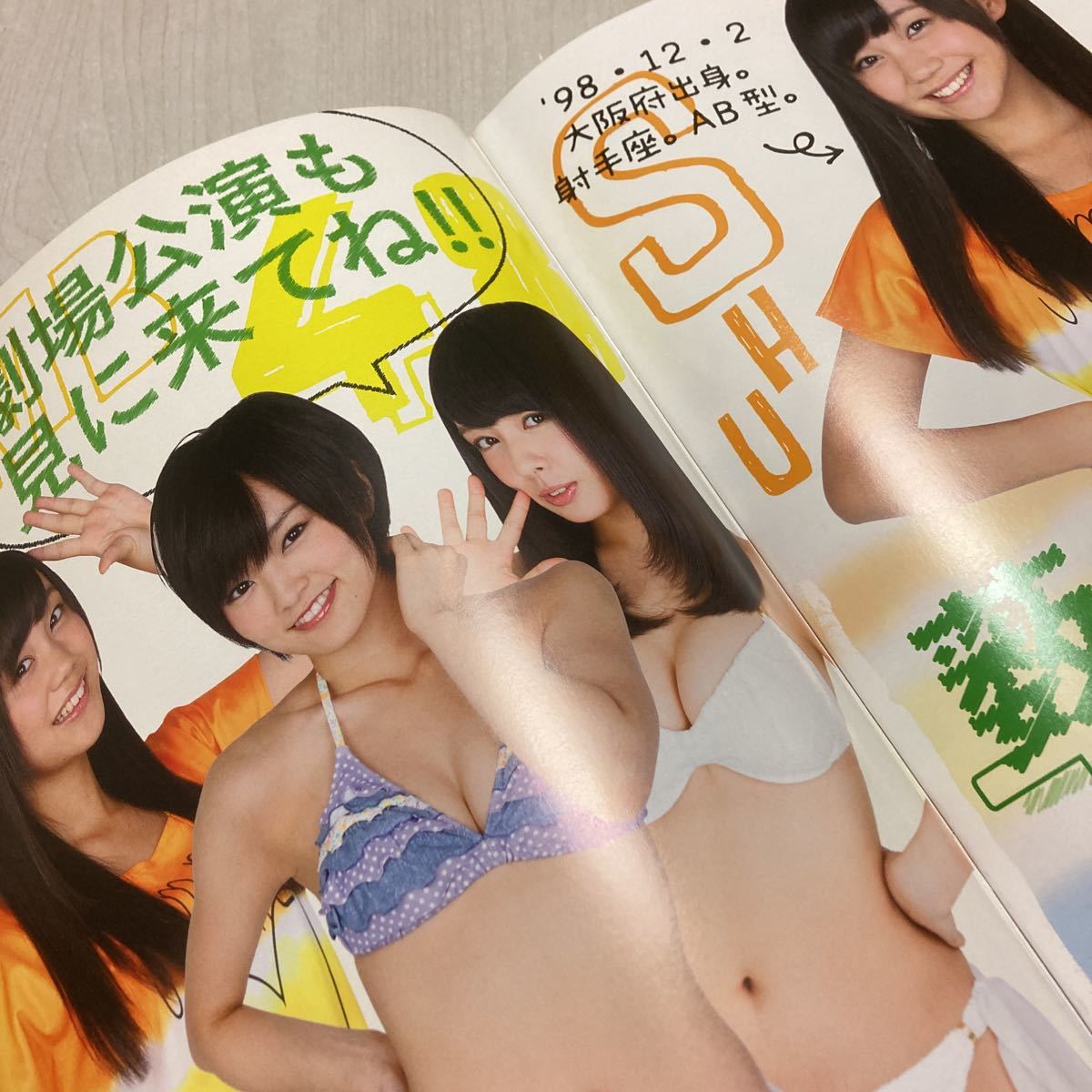 NMB48 BLT 写真集 2013年 絶版 水着 山本彩 渡辺美優紀 白間美瑠 加藤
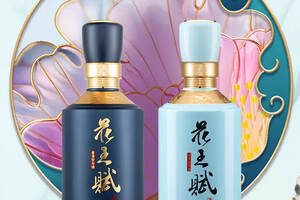 中国金花集团第二款酱酒「花王赋」于6月21日上市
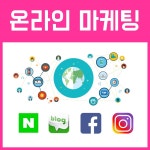 2월 온라인마케팅 완벽마스터과정_매주일요일(3주과정) / 블로그,인스타,페이스북 - 온오프믹스 :: 모임문화 플랫폼 2월 온라인마케팅... 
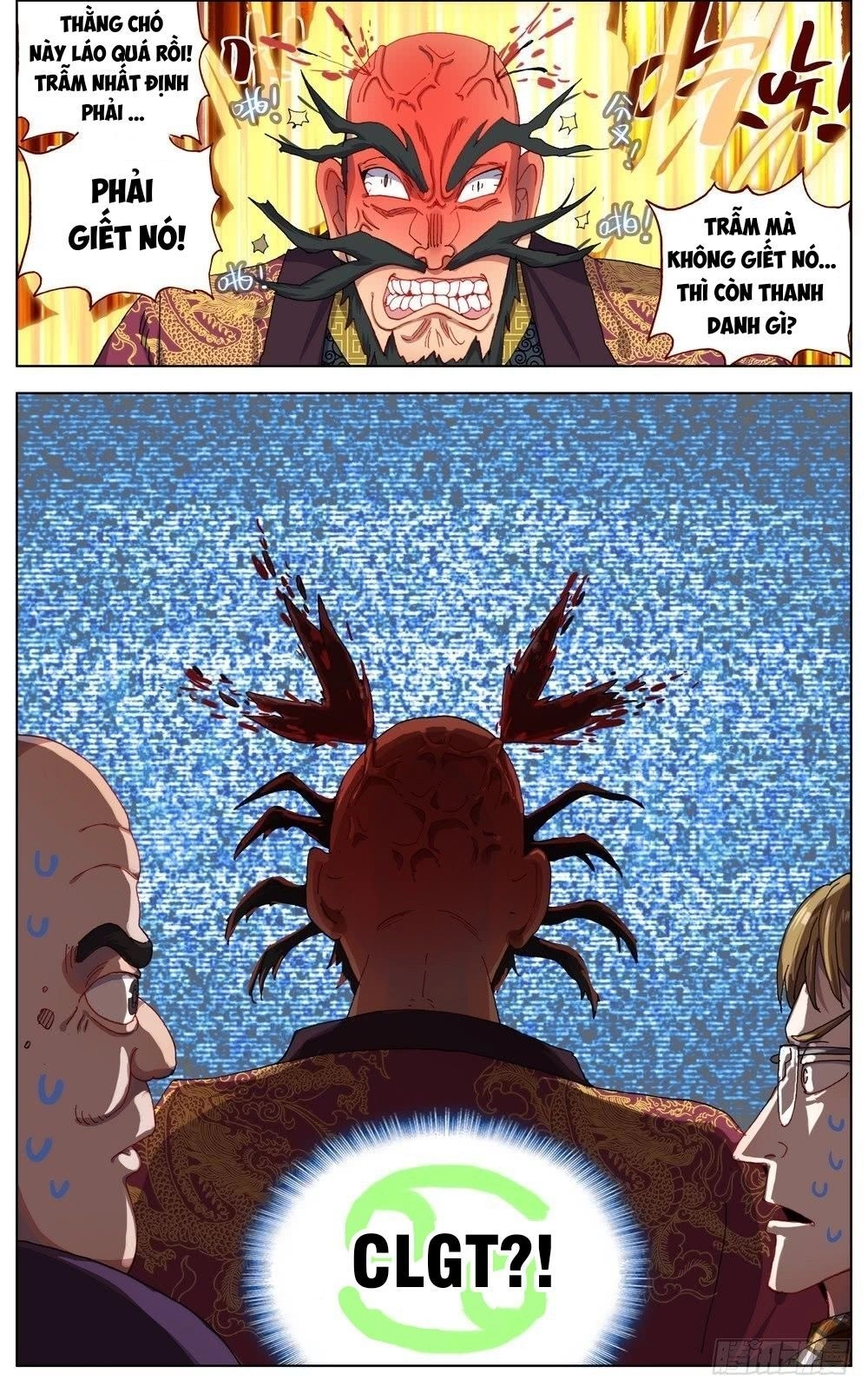 Dị Tộc Trùng Sinh Chapter 60 - 16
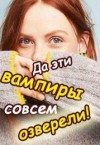 Колесникова Валентина - Да эти вампиры совсем озверели!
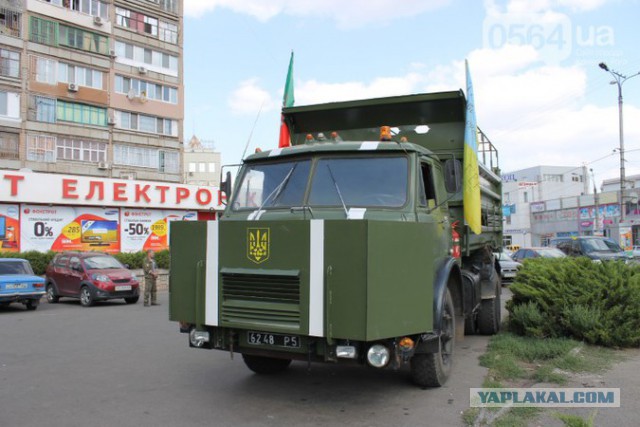 Патриот продал квартиру, купил бронемашину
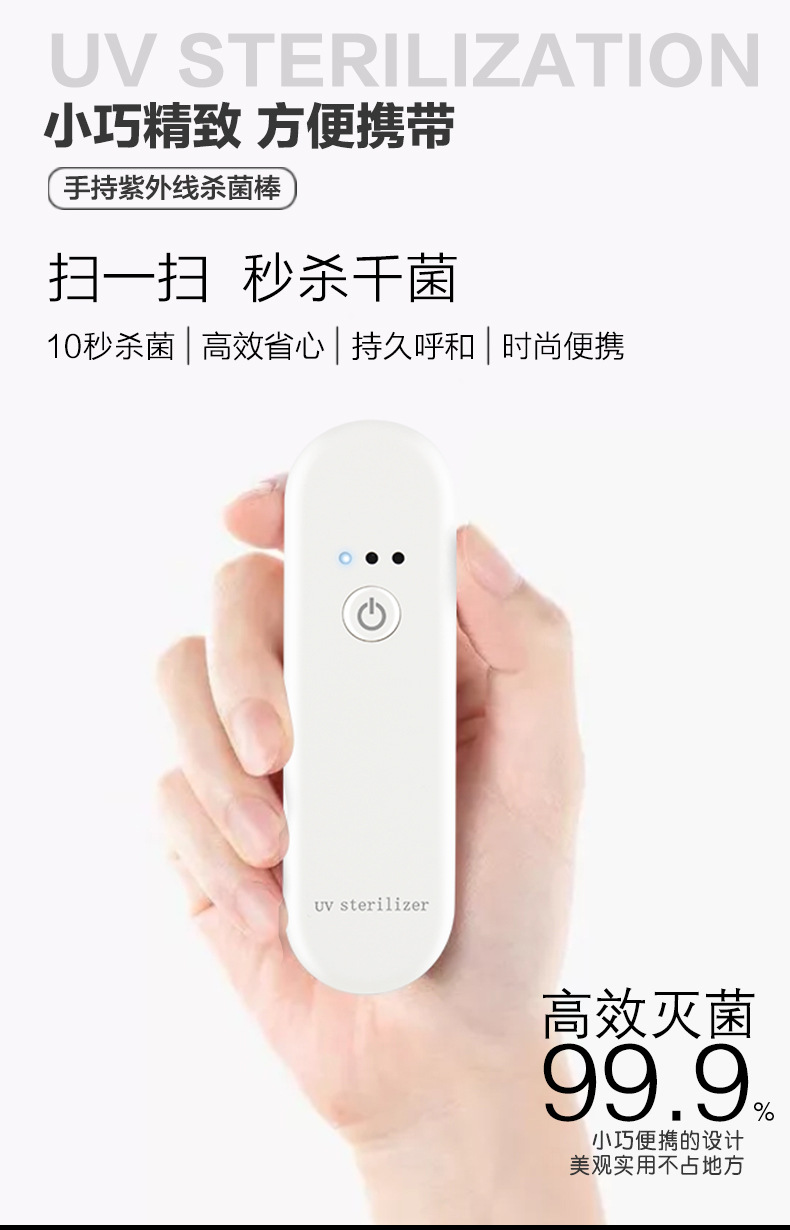 紫外线消毒灯_uv-c紫外线led杀菌灯跨境紫外线消毒灯口罩紫外线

WHAT YOU ARE ASKED TO DO: Each line from the one containing "Dị Tộc Trùng Sinh Chapter 60 - 16" through the last line of the entries above should be duplicated exactly, both included; leave out pictures and add nothing.

EXERCISE ANSWER:
 Dị Tộc Trùng Sinh Chapter 60 - 16
 Колесникова Валентина - Да эти вампиры совсем озверели!
 Патриот продал квартиру, купил бронемашину
 紫外线消毒灯_uv-c紫外线led杀菌灯跨境紫外线消毒灯口罩紫外线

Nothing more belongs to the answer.